John O'Hara

John O'Hara

January 31, 1905 – April 11, 1970
Countries: USA
Place of Birth: Pottsville, Pennsylvania, United States
Place of Death: Princeton, New Jersey

John Henry O'Hara (January 31, 1905 – April 11, 1970) was an American writer who earned his early literary reputation for short stories and became a best-selling novelist before the age of 30 with Appointment in Samarra and BUtterfield 8. His work stands out among that of contemporaries for its unvarnished realism. While O'Hara's legacy as a writer is debated, his champions rank him highly among the underappreciated and unjustly neglected major American writers of the 20th century. Few college students educated after O'Hara's death in 1970 have discovered him, chiefly because he refused to allow his work to be reprinted in anthologies used to teach literature at college level.
"O’Hara may not have been the best story writer of the twentieth century, but he is the most addictive," wrote Lorin Stein, editor-in-chief of the Paris Review, in a 2013 appreciation of O'Hara's work. Stein added, "You can binge on his collections the way some people binge on Mad Men, and for some of the same reasons.

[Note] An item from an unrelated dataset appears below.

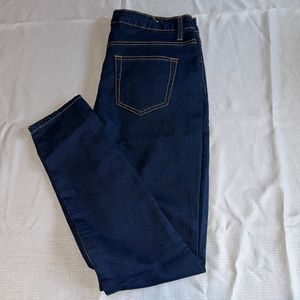 Rue21 jeans. Size 5/6 for $12!!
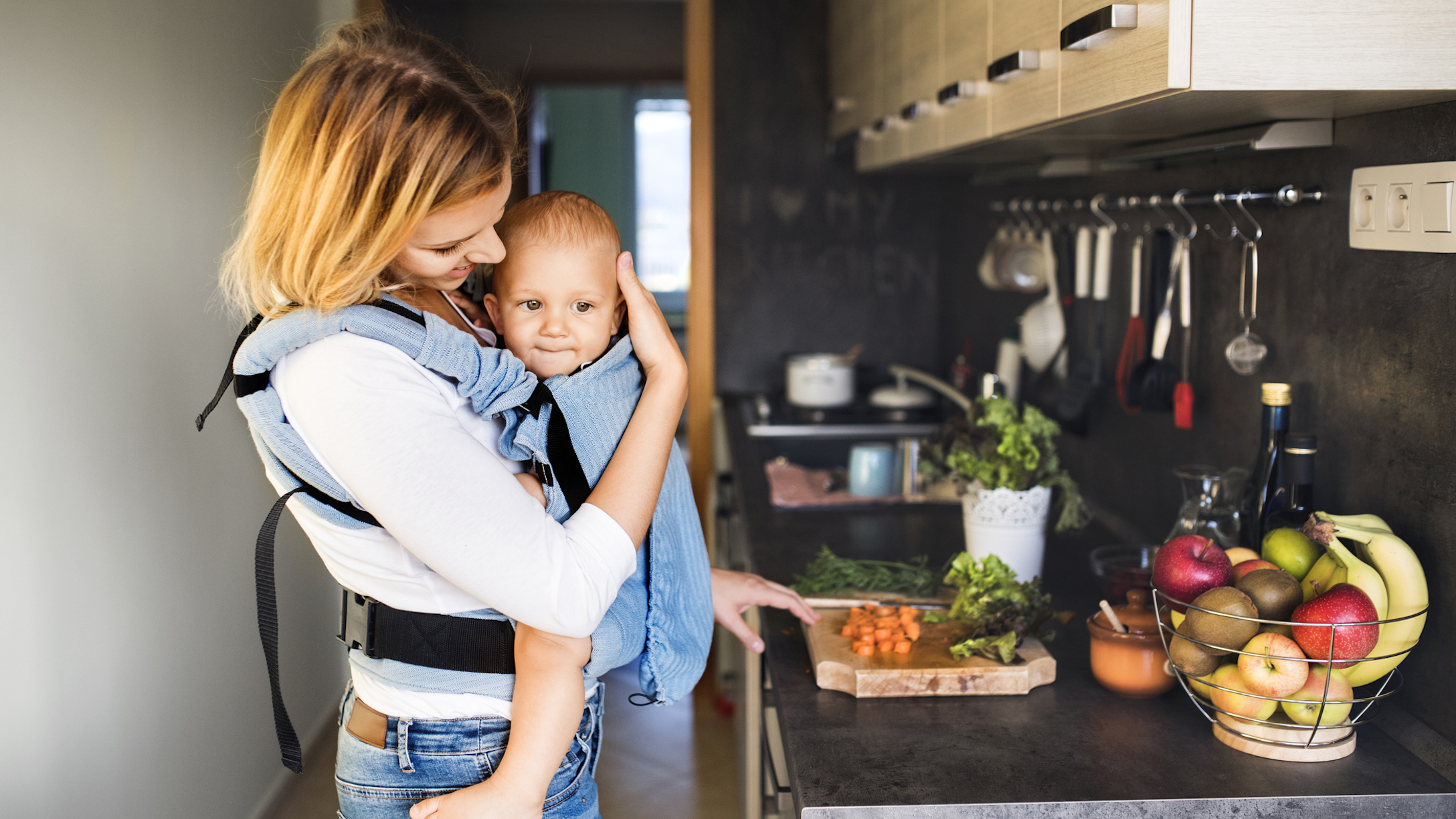 iStock-871089956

On the topics of class, sex, and alcohol—that is, the topics that mattered to him—his novels amount to a secret history of American life." Five of O'Hara's stories were adapted into popular films in the 1950s and 1960s, yet, during his lifetime, O'Hara's literary reputation was damaged by the detractors he accumulated due to his outsized and easily bruised ego, alcoholic crankiness, long held resentments and by politically conservative columns he wrote in the 1960s, all of which at times overshadowed his gift for story telling. John Updike, a fan of O'Hara's writing and a fellow Pennsylvanian, said that the prolific author "outproduced our capacity for appreciation; maybe now we can settle down and marvel at him all over again."